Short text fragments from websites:
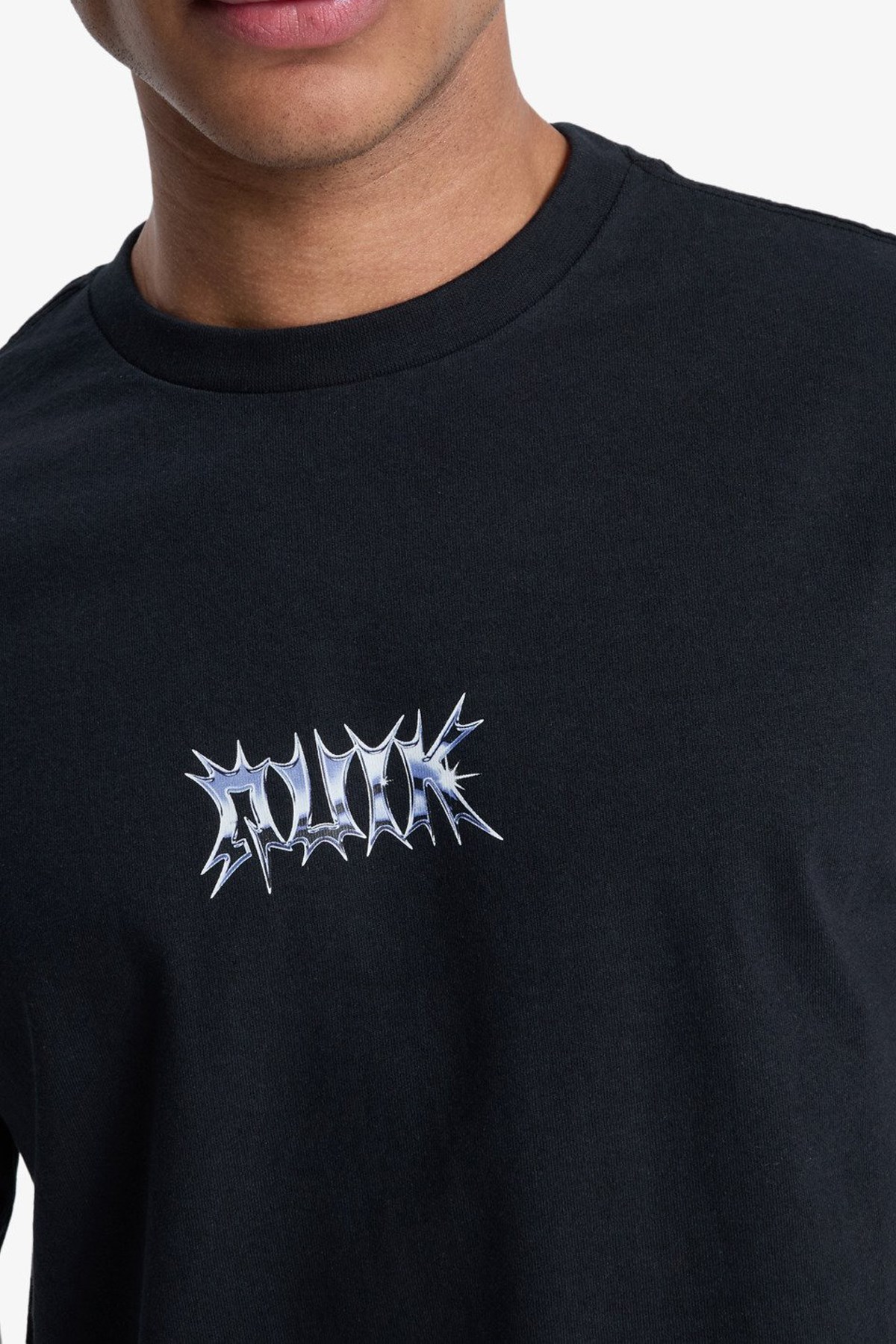 Quiksilver Mercury Chrome Lightning Erkek Tişört Siyah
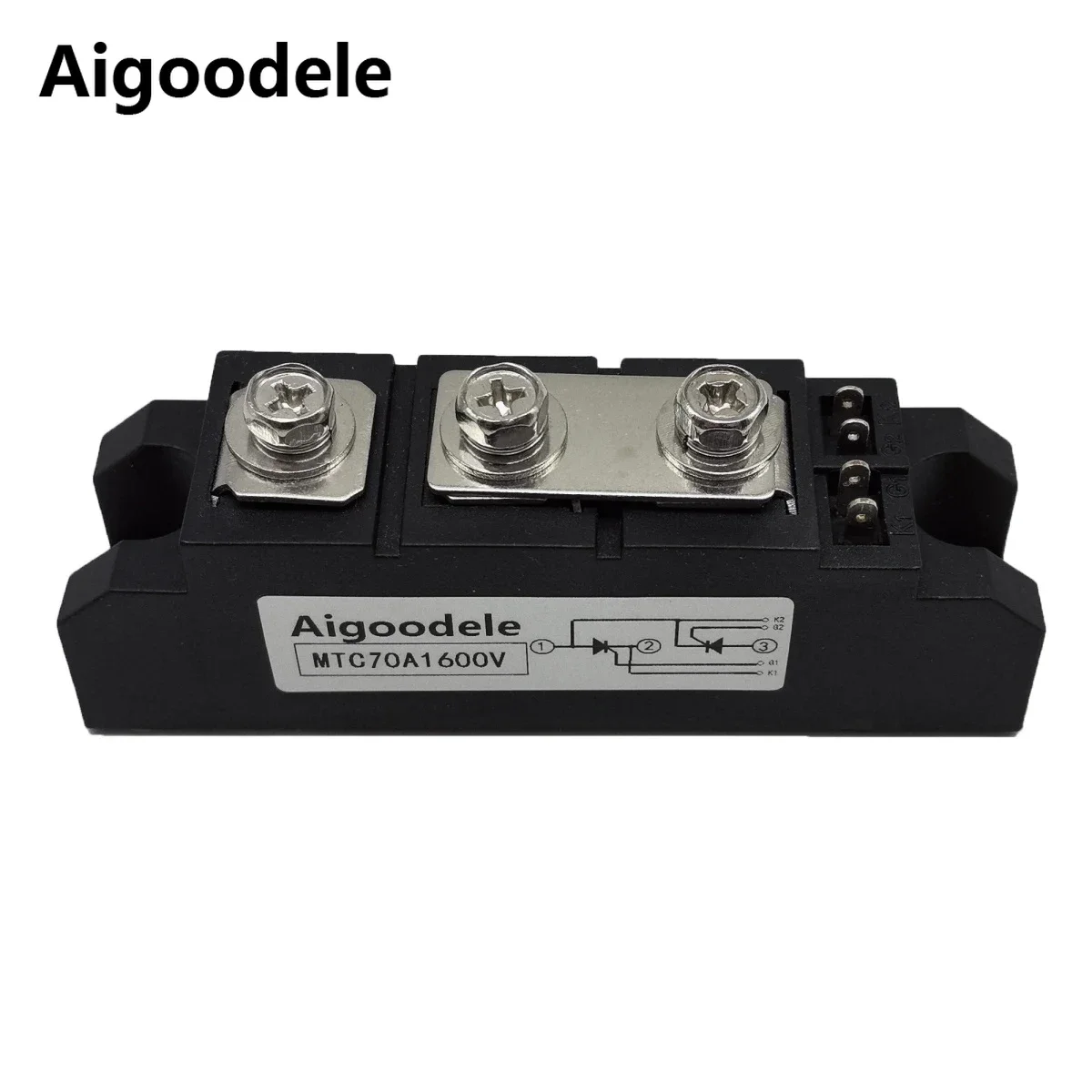 

SCR Silicon Controlled Rectifier Module Mtc70A 1600V Thyristor Diode Module 70A 1600V Pressure Welding AC & DC Motor Control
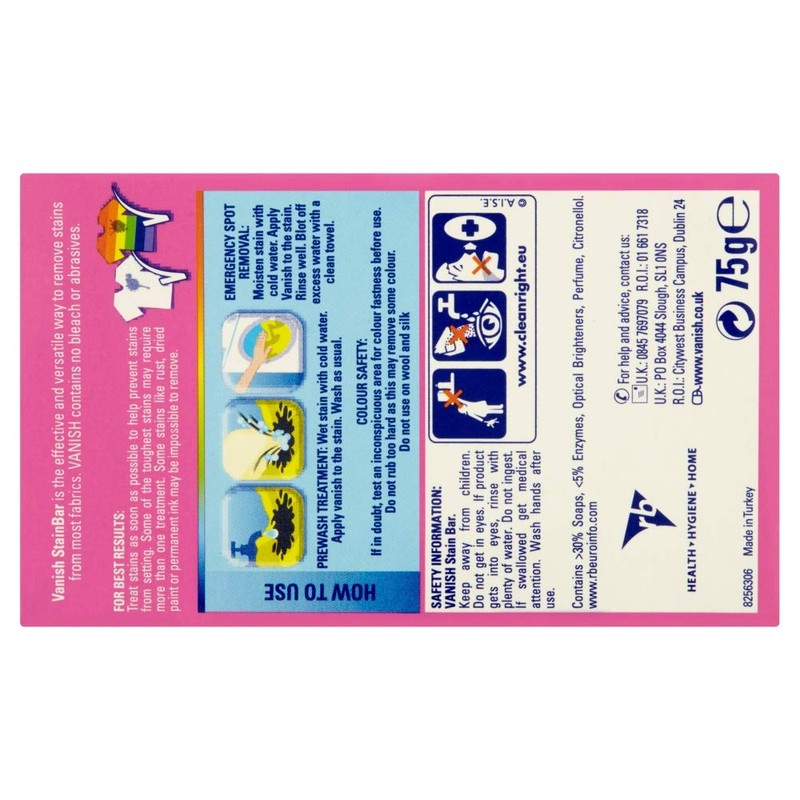 Vanish Stain Remover Bar - 75g x 3 by Vanish
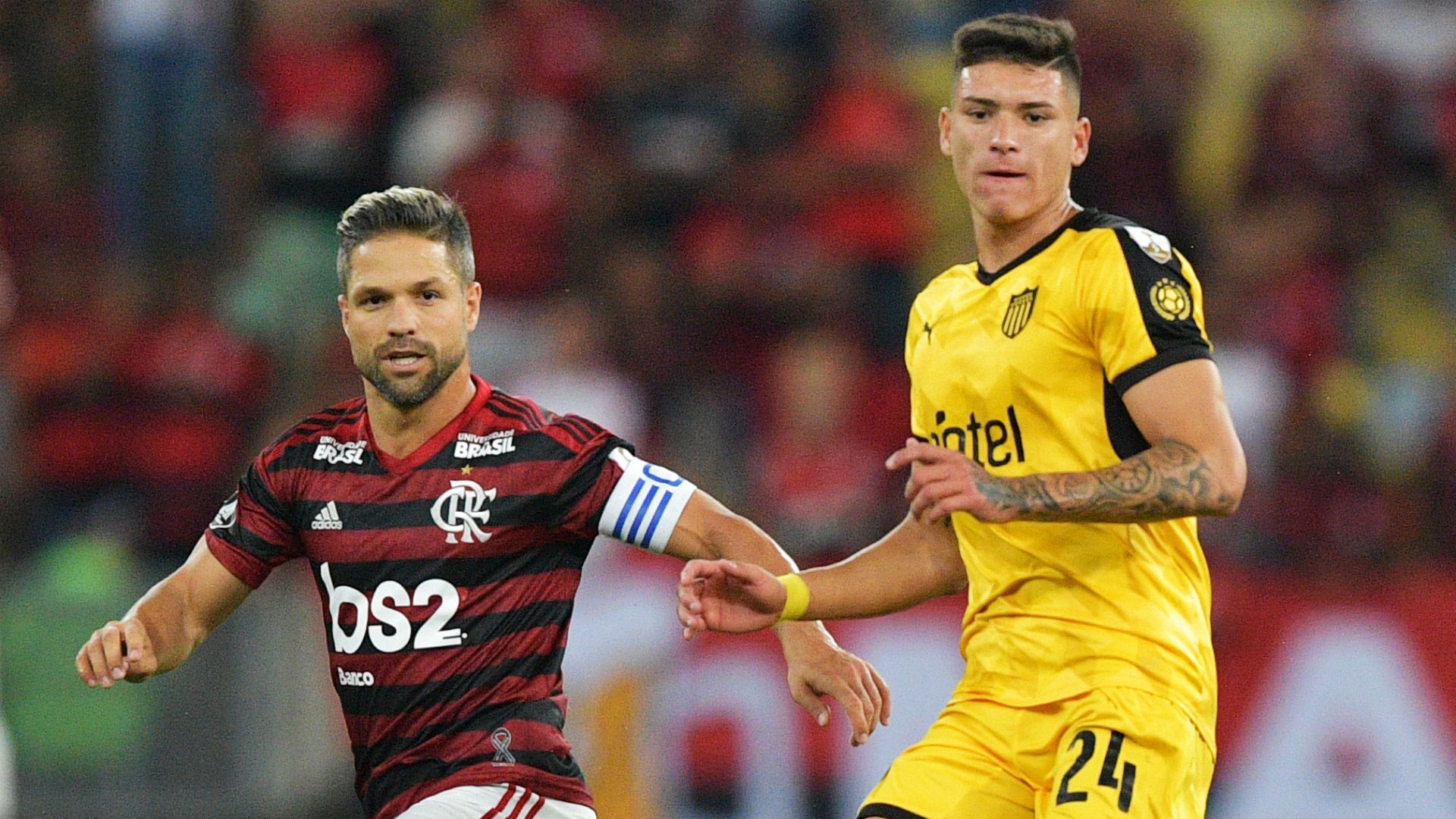 Diego Flamengo Peñarol Libertadores 03 04 2019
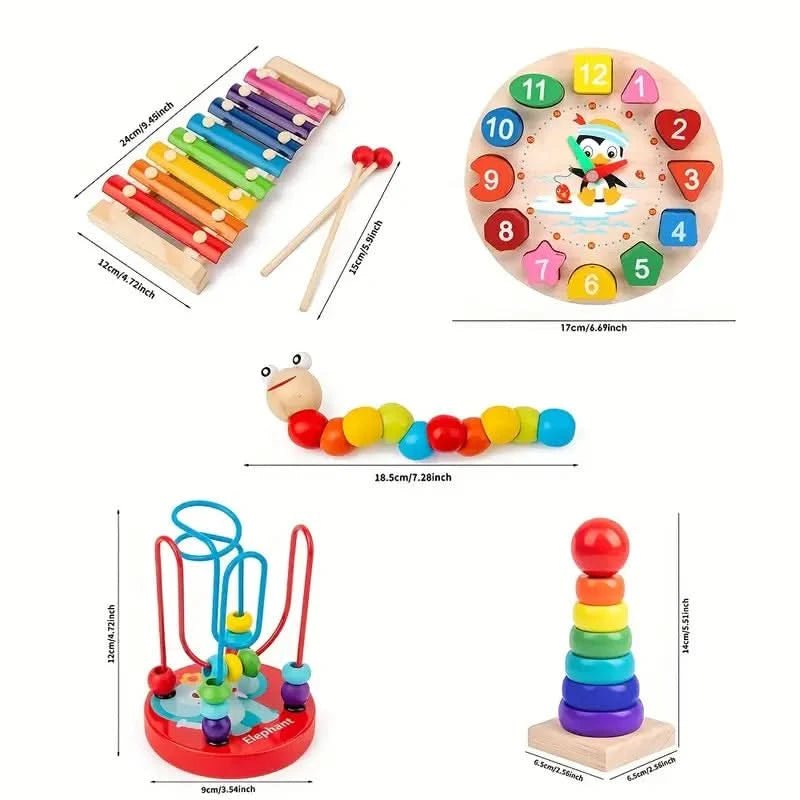 Montessori 5-i-1 Läringsleketöy för Bebisar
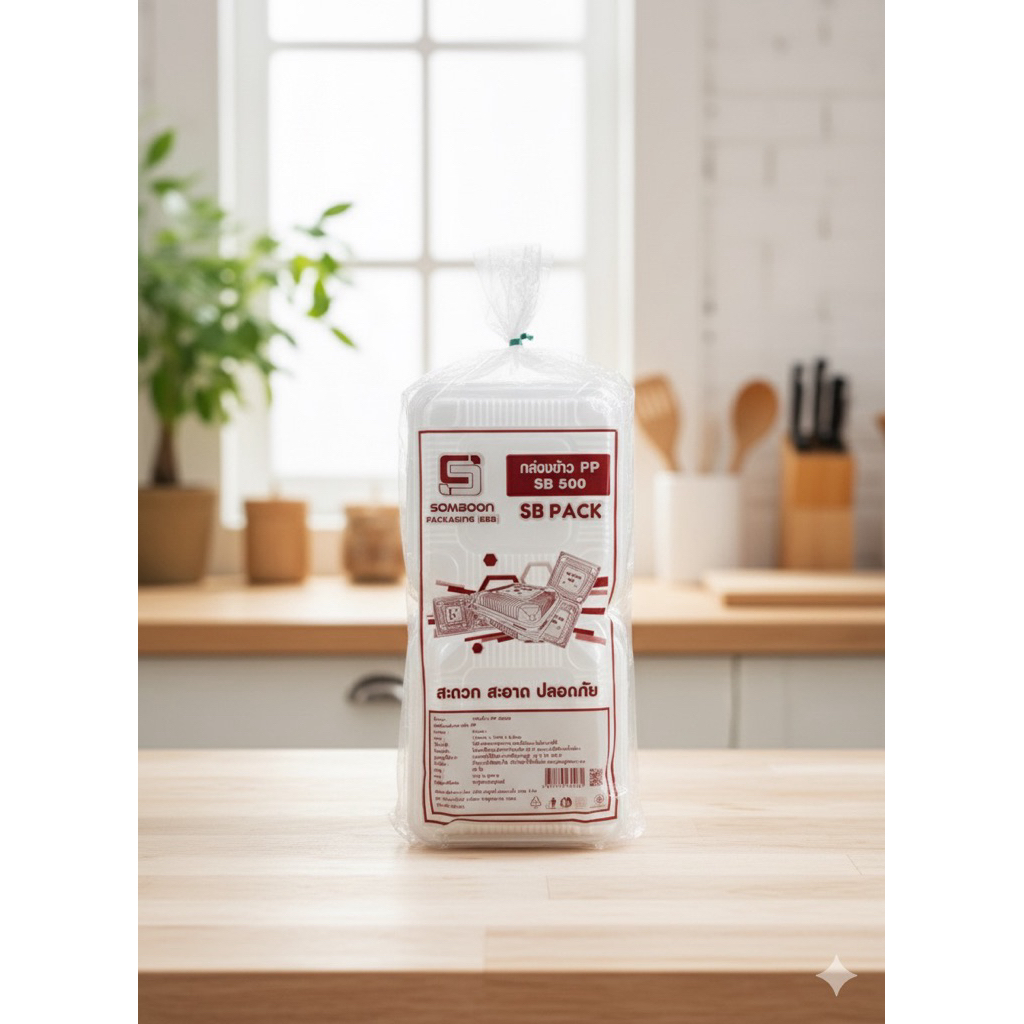 กล่องข้าวPP SB500 SB Pack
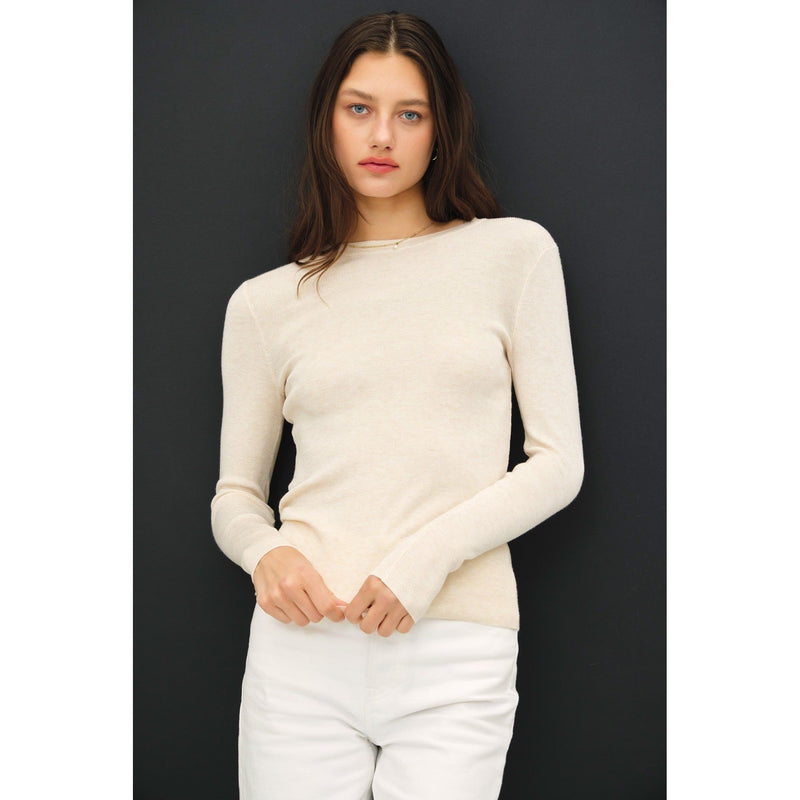 Aliya Layering Longsleeve | Oatmeal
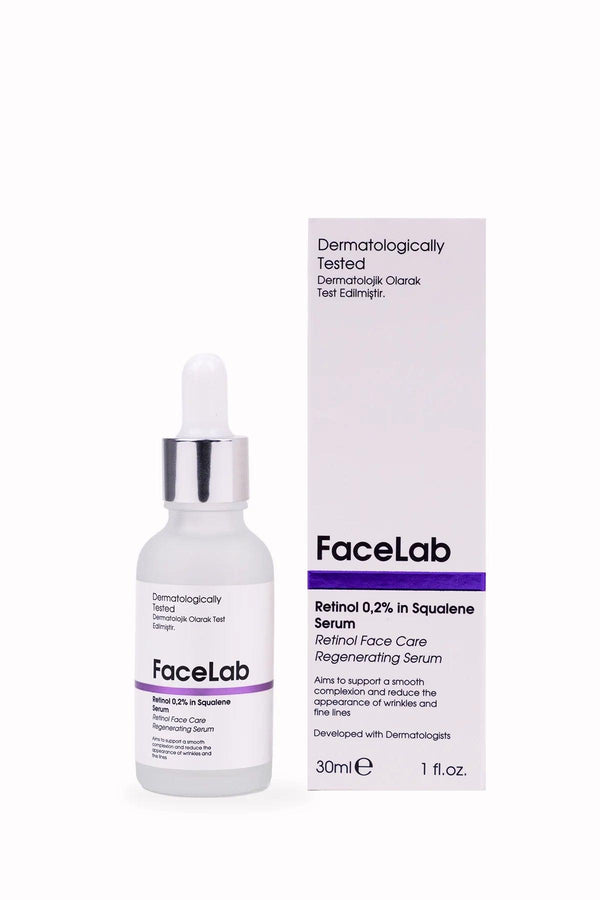 Anti-Aging Regenerating Retinol in Squalane 0.2% Regenerating Serum 30 ml - Face Lab - Lujain Beauty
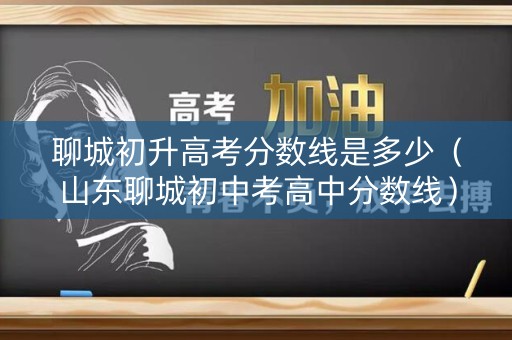 聊城初升高考分数线是多少（山东聊城初中考高中分数线）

● **WORK INSTRUCTION**: Please retype the lines from the one that contains "Aliya Layering Longsleeve | Oatmeal" to the final line of the records, both included, exactly as written and without any pictures.

● **RESPONSE AREA**:
 Aliya Layering Longsleeve | Oatmeal
 Anti-Aging Regenerating Retinol in Squalane 0.2% Regenerating Serum 30 ml - Face Lab - Lujain Beauty
 聊城初升高考分数线是多少（山东聊城初中考高中分数线）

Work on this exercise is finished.